● ACTIVITY: An image-free, word-for-word version of the records below is to be returned.

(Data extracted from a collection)
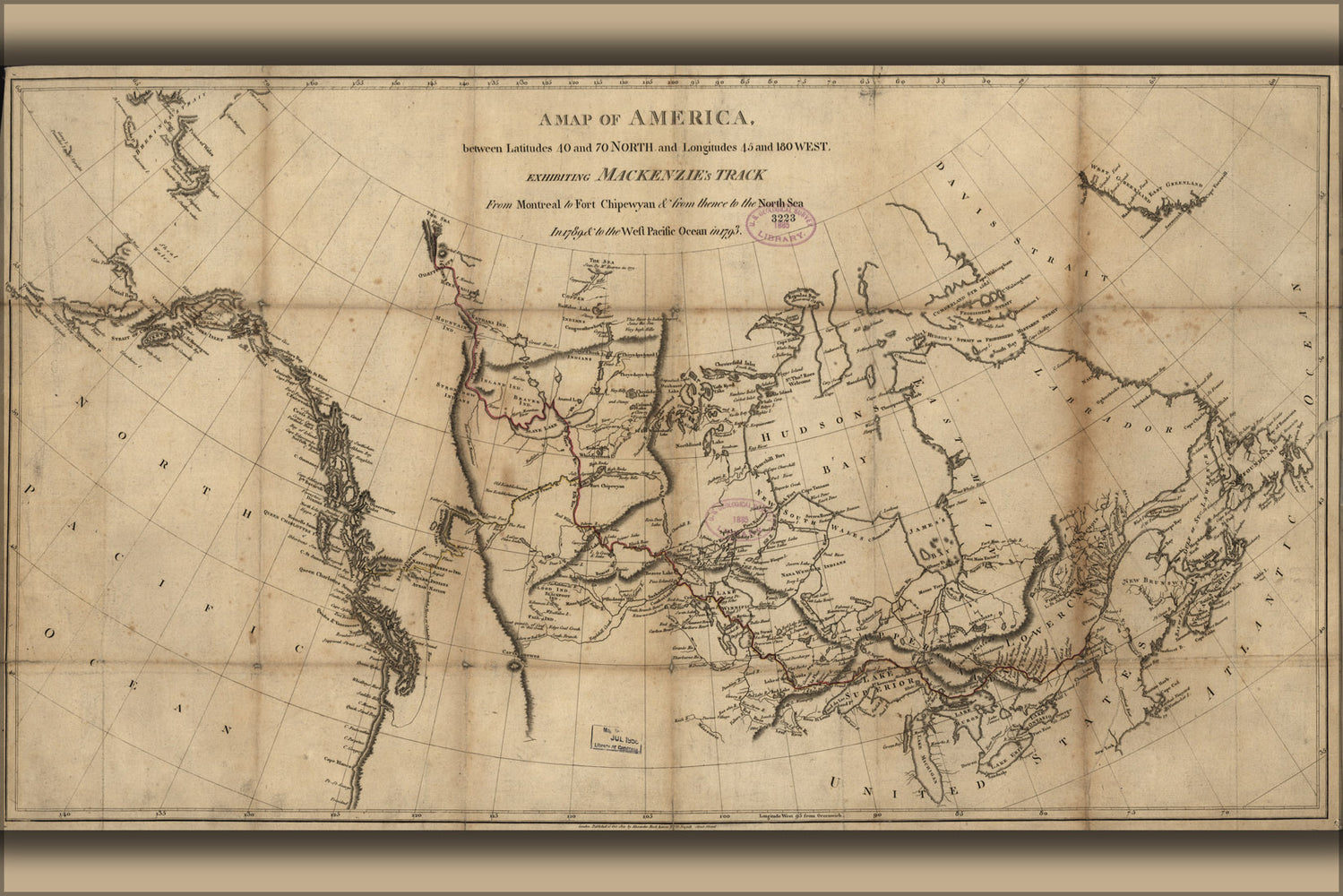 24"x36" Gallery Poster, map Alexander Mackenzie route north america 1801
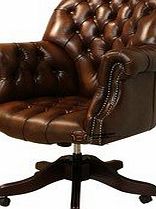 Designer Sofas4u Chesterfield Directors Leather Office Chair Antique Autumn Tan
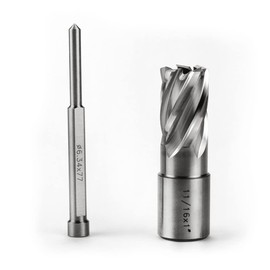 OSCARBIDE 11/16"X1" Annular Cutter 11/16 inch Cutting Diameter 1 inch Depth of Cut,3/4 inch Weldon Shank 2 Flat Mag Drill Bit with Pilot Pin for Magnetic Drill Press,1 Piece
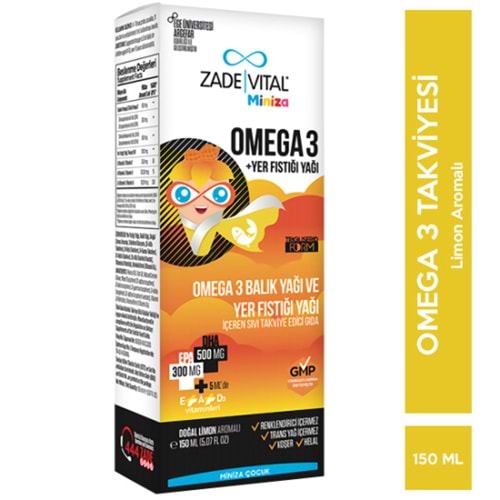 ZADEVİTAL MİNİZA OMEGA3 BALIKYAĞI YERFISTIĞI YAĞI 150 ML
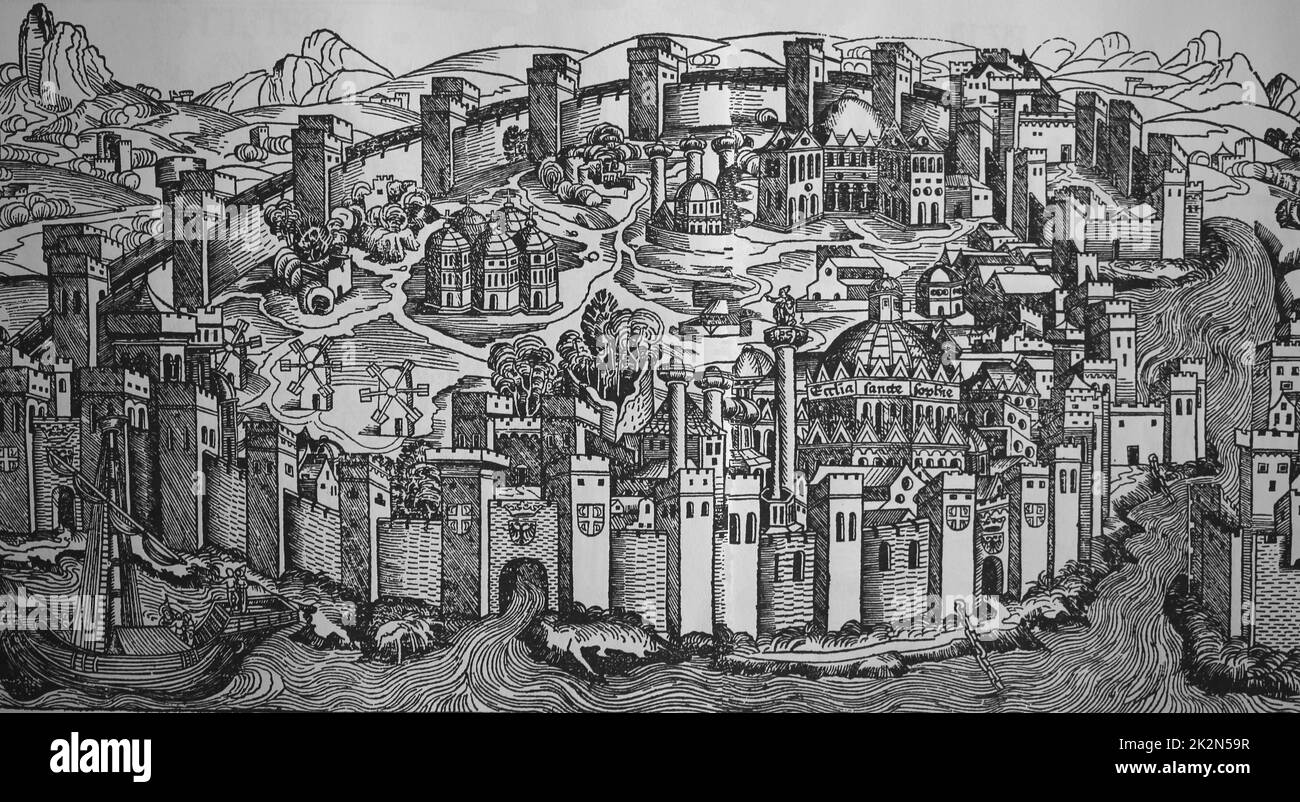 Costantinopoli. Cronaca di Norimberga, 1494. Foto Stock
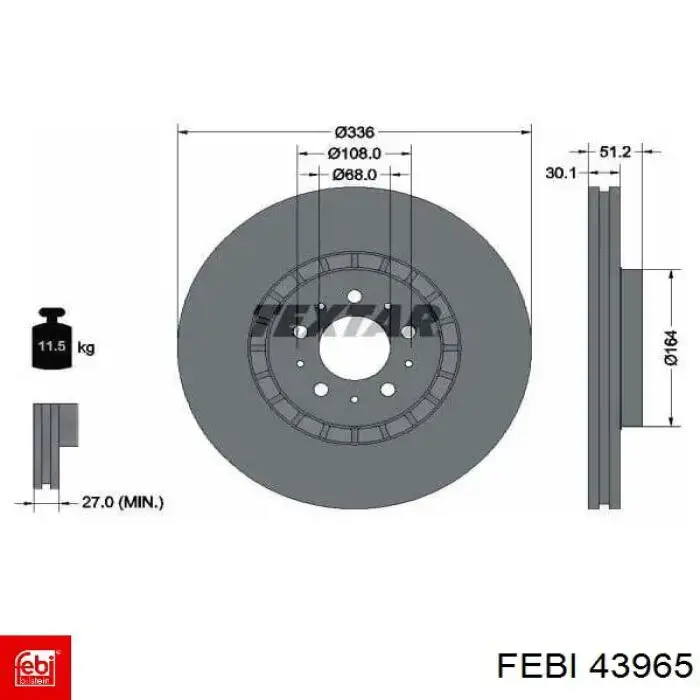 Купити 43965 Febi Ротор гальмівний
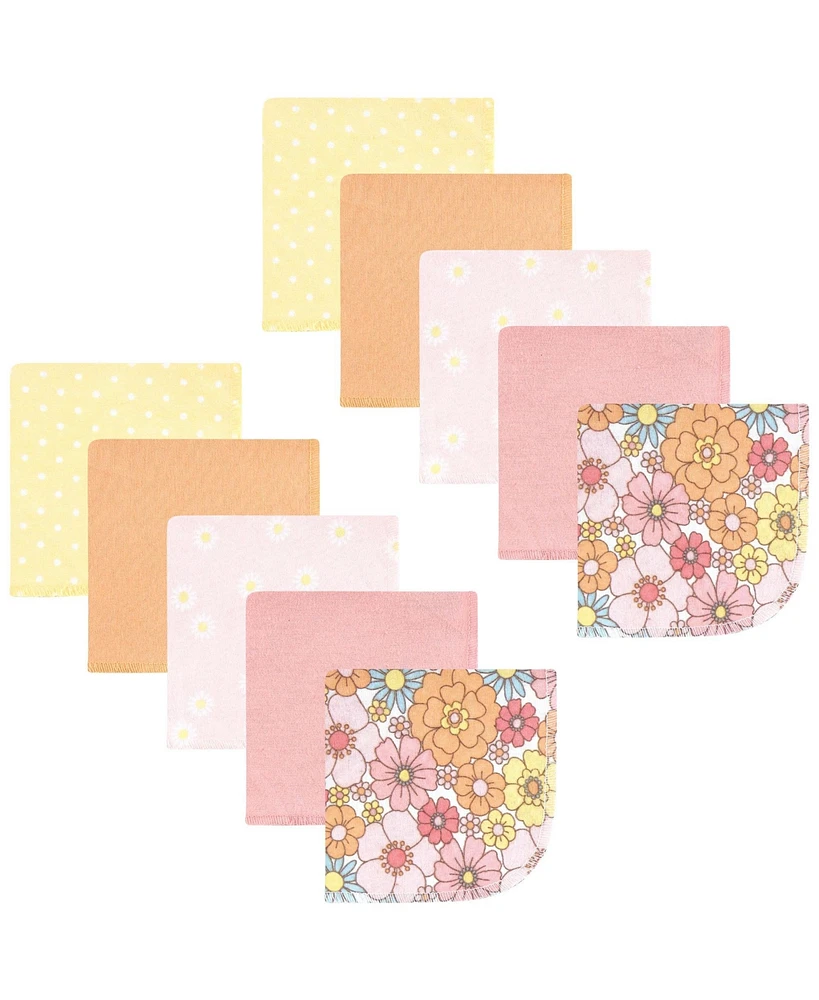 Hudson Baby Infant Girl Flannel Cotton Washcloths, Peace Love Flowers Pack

● ANSWER BELOW:
 24"x36" Gallery Poster, map Alexander Mackenzie route north america 1801
 Designer Sofas4u Chesterfield Directors Leather Office Chair Antique Autumn Tan
 OSCARBIDE 11/16"X1" Annular Cutter 11/16 inch Cutting Diameter 1 inch Depth of Cut,3/4 inch Weldon Shank 2 Flat Mag Drill Bit with Pilot Pin for Magnetic Drill Press,1 Piece
 ZADEVİTAL MİNİZA OMEGA3 BALIKYAĞI YERFISTIĞI YAĞI 150 ML
 Costantinopoli. Cronaca di Norimberga, 1494. Foto Stock
 Купити 43965 Febi Ротор гальмівний
 Hudson Baby Infant Girl Flannel Cotton Washcloths, Peace Love Flowers Pack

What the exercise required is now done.